Between the summer of 1941 and the winter of 1942/43, several dozen ‘Nomades’ were again interned in the Gurs camp. Their internment, which was also temporary, followed a directive in October 1941 to redistribute internees according to the category to which they belonged in the eyes of the authorities (Jews, resistance fighters and ‘Nomades’), in both the occupied and unoccupied zones. ‘Nomades’ internees passed through Gurs on their way to or from camps such as Noé, Fort-Barraux, Brens and Nexon. After the creation of the Saliers camp in March 1942, the Gurs camp also became a departure point for transfers to Saliers and was used as a punishment camp for groups or individuals who had escaped from Saliers or for groups deemed by the authorities to be resistant to the house arrest regime.
Spring 1944
From spring 1944, with the approach of the Allied troops and following orders to evacuate the coastal areas of southern France, the Gurs camp once again became a camp for so-called Nomades. Some groups, considered by the administration of the Saliers camp to be the most resistant to internment, were transferred to Gurs.
Many municipalities in south-west France also took advantage of this situation to request the imprisonment of Romani groups who were already in enforced residence in their jurisdiction. A ‘district reserved for Nomades’ was set up in îlot J.
By the end of June 1944, 55 people had been imprisoned as ‘Nomades’ in the Gurs camp. As the war drew to a close, some groups managed to escape, sometimes with the help of the maquis. The last ‘Nomades’ were released in October 1944, but some of them were then placed under house arrest.
Outlook
The significance of the Gurs camp for the persecution of people designated as ‘Nomades’ in France and Europe has been underestimated until now. Gurs was an important transit camp, serving as a temporary place of internment for hundreds of Roma, Sinti (Manouches) and Kale (Gitans), from where the Vichy authorities controlled their transfer to detention camps, particularly to or from Saliers.
However, the Gurs camp also served as a site of repression to punish ‘Nomades’ who had escaped or resisted internment in camps or enforced residence. The total number of ‘Nomades’ interned or imprisoned in Gurs can currently only be estimated at up to 300 people.
Aftermath
On 30 August 1944, the Résistance movement took control of the camp. A minimal administration remained in place until January 1945. In 1946, the camp structures and all the barracks were completely dismantled. Starting in 1957, the cemetery was redeveloped, and it reopened in 1963. Several steles have been erected in memory of the victims.

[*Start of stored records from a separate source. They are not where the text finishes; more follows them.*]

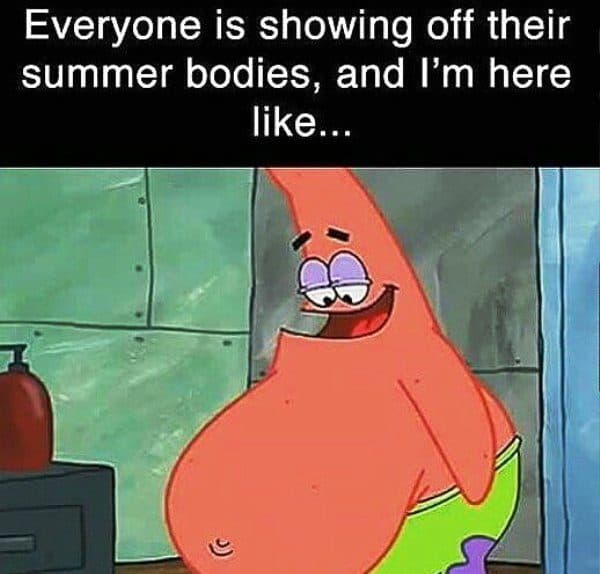 20 Summer Memes To Laugh At 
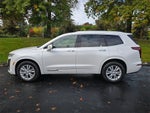 2025 Cadillac XT6 Luxury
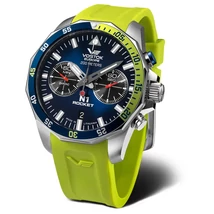 VOSTOK EUROPE 225A708-SN karóra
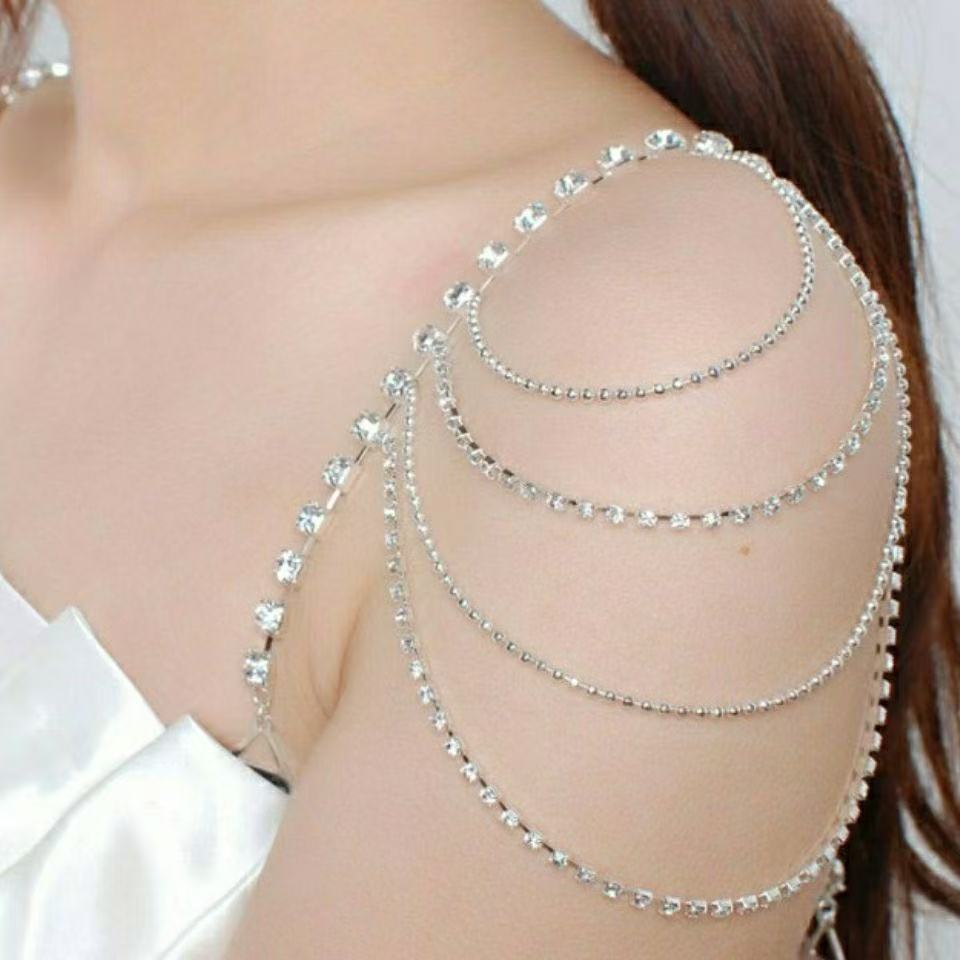 European and American multi-la - Body Jewelry High End 리뷰 및 가격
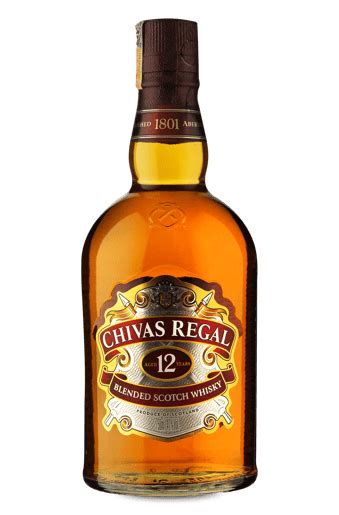 Whisky Chivas Regal Anos Wine Wine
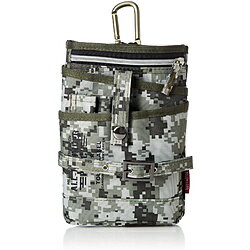 Rakuten - 中林製作所 TOUGH LABEL 多機能小物ケース TOUGH LABEL AM-25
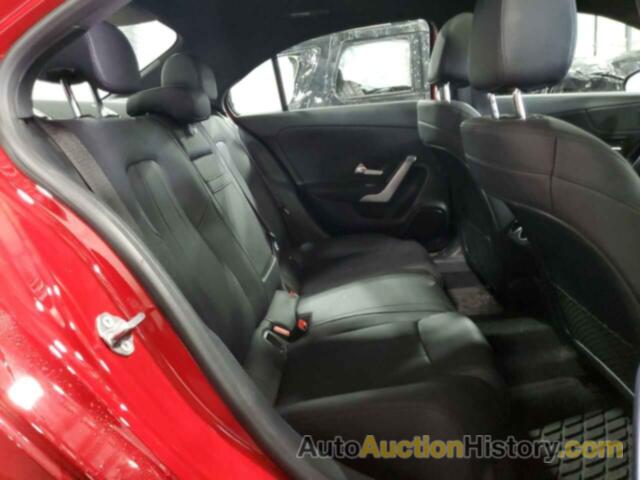 MERCEDES-BENZ A-CLASS 220, WDD3G4EB3KW035079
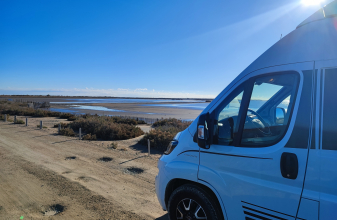 Fiat BURSTNER DUCATO image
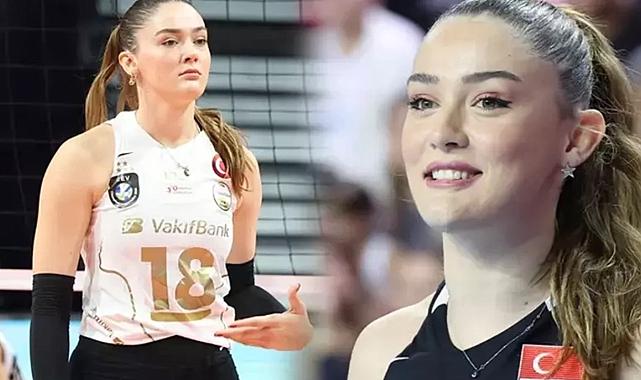 Zehra Güneş, oynamak istediği ülkeyi açıkladı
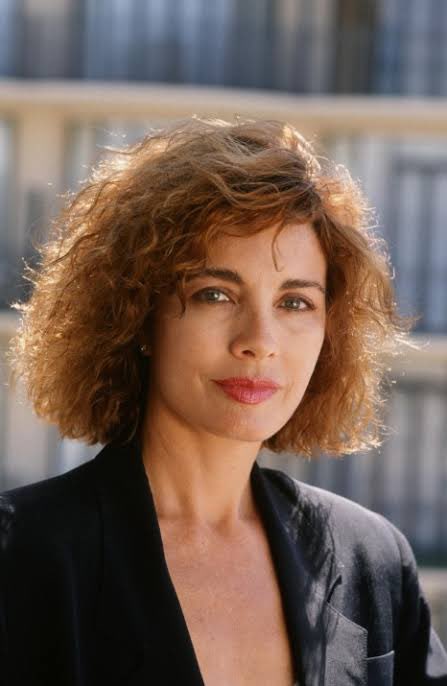 Happy birthday Anne Archer. My favorite film with Archer is Fatal attraction. 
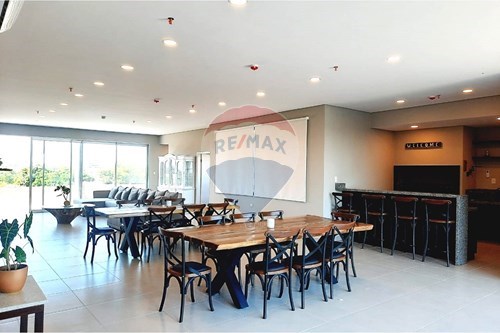 Departamento - Alquiler - PY Asunción Villa Aurelia — foto 2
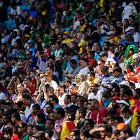 Modern sports fandom deserves better representation than surface level tropes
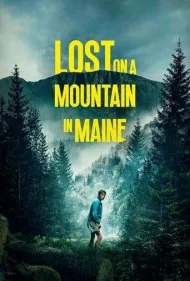 گمشده در کوهستان مین (Lost on a Mountain in Maine)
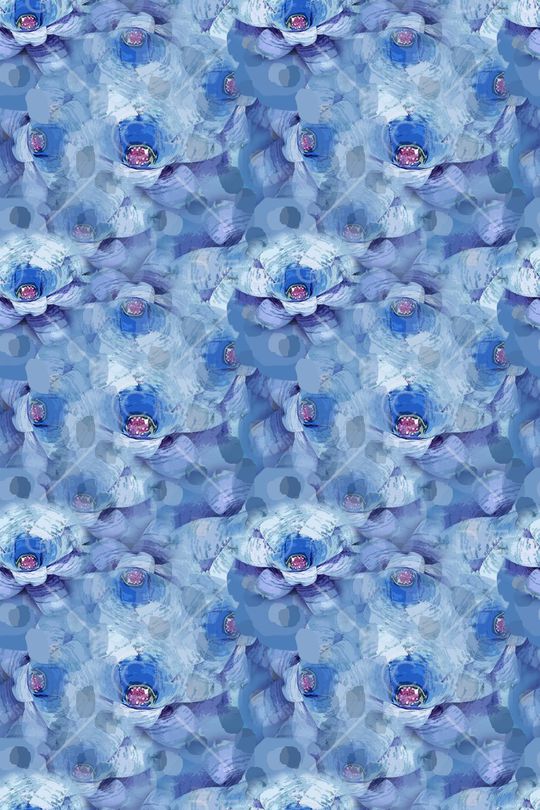 休闲印花华亿平台图片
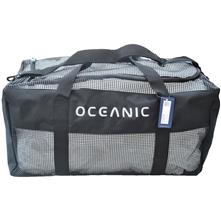 Oceanic Mesh Duffle Bag Picture
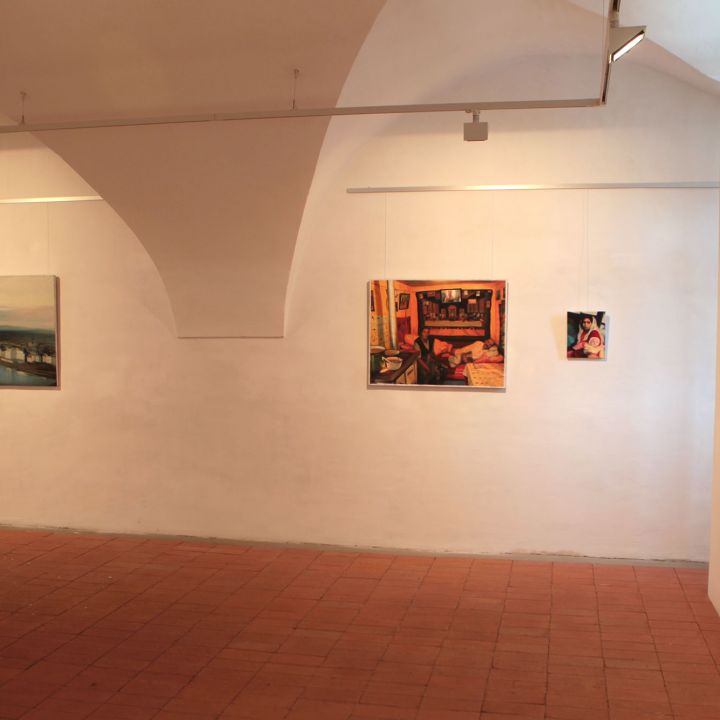 Székely Beáta Saeculum Aureum Aranykor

Remembrance ceremonies were organised regularly from 1979 onwards, but the presence of Roma and Sinti in the Gurs camp was not recognised until recently. On 23 October 2011, twenty-seven columns were erected along an alley of remembrance in memory of all the communities of internees. Since then, one column honours ‘126 Gitans (Gitanos) French, Romanian and Bulgarian’. The origin of this figure and the reason for mentioning these nationalities is not known.